God’s response continues to be His mercy, symbolized by the Sacred Heart of Jesus, which fosters love where evil has extended its dominion and offers love where it has grown without it, where the lack of love has been suffered.
It is a spirituality that does not trivialize the faith, as modern spiritualities do. Fr. Gonzalo Fernández, a Claretian missionary, explains the love of the Sacred Heart in this particular way:
“The Heart of Christ is like the valve that circulates love throughout our world. Like every heart, His has: a systolic movement. The Heart of Christ concentrates and absorbs all the lack of love and suffering that exist on our earth. It is a compassionate heart that takes upon itself the contamination that poisons our self-acceptance, human relationships, and the building of another possible world. The Gospels portray a Jesus who approaches every person in need without placing any barriers.
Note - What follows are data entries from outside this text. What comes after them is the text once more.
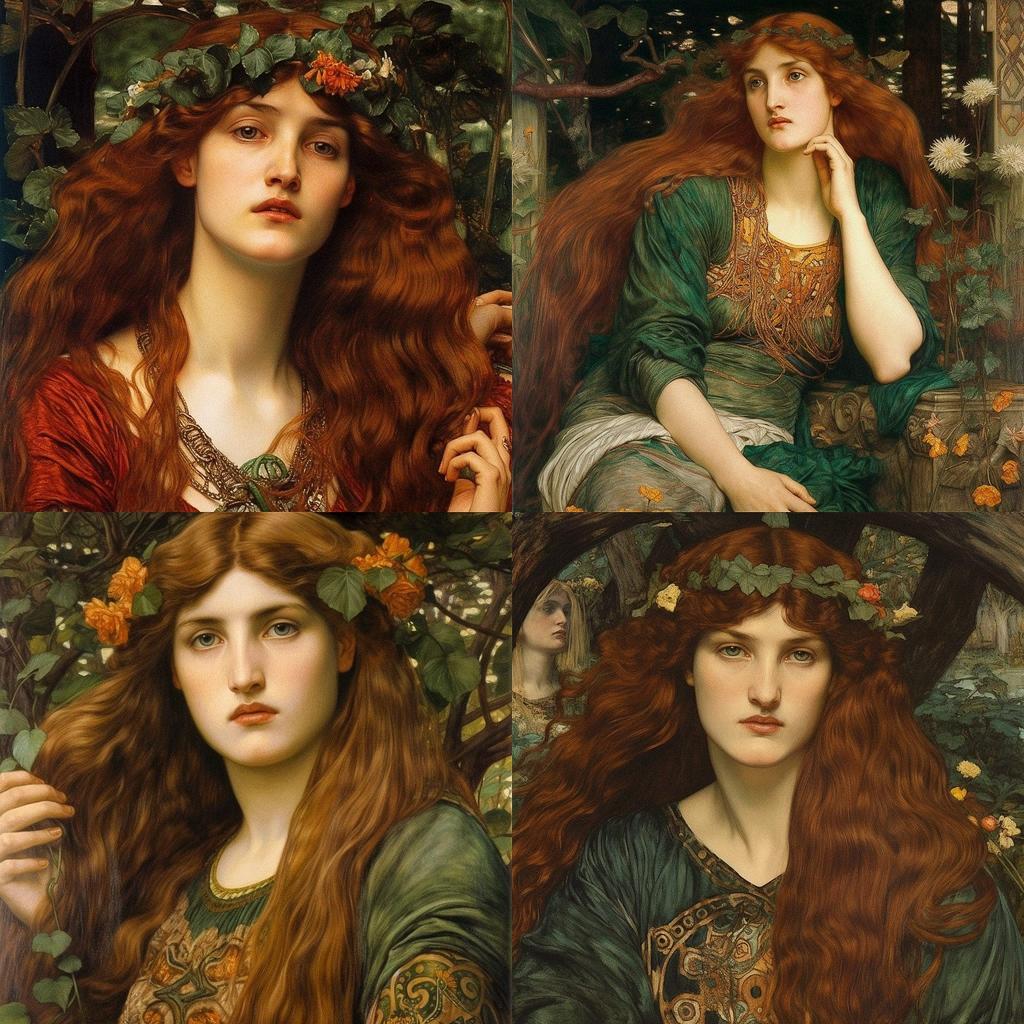 Pre-Raphaelitism style, Midjourney V5, render 1 of 4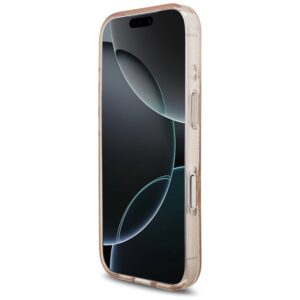 Guess IML Flowers Electro Pearl Strap MagSafe dėklas skirtas Apple iPhone 17 Pro rožinės spalvos - Image 5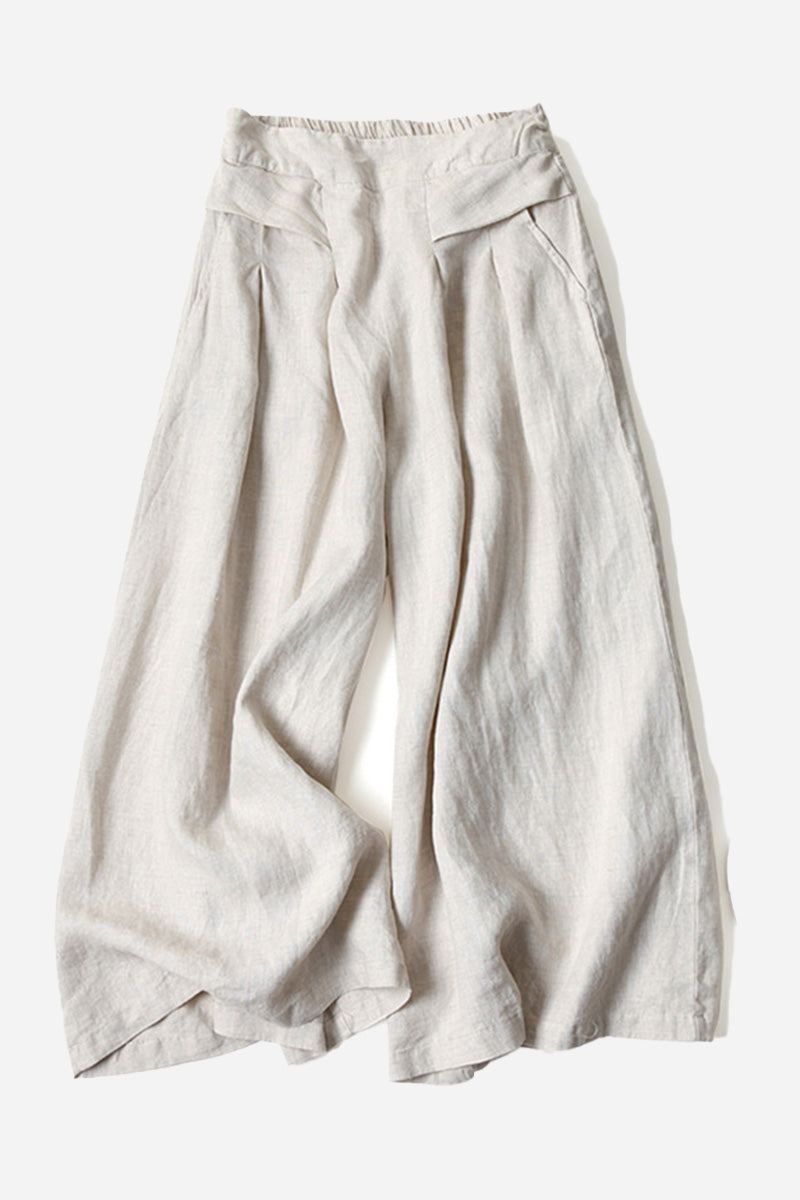 Sun-Kissed Elegance lightweight breathable wide-leg palazzo pants in neutral beige tone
A diastolic movement by which He puts God’s love into circulation through all the arteries of human beings. The Church Fathers saw in ‘the water and the blood’ that flowed from Christ’s side a symbolic allusion to the sacraments (baptism and the Eucharist), as expressions of that love of God for all humanity—a love that decontaminates us (baptism) and nourishes us (the Eucharist)”.
Where can we find Jesus? How can we find the Lord? Those who think they will find Him in elaborate Eastern meditation techniques or in courses of sophisticated spirituality are frustrated. The Lord reveals Himself where we least imagine: in the poor, in the sick, in the tense and ordinary moments of our lives. God must be welcomed in the most ordinary and unexpected reality of our lives.
The spirituality of the Sacred Heart of Jesus leads us to develop this sensitivity, to broaden our gaze, and to enlarge our heart in order to recognize the Lord in the concrete circumstances of life and to learn to love as He has loved us.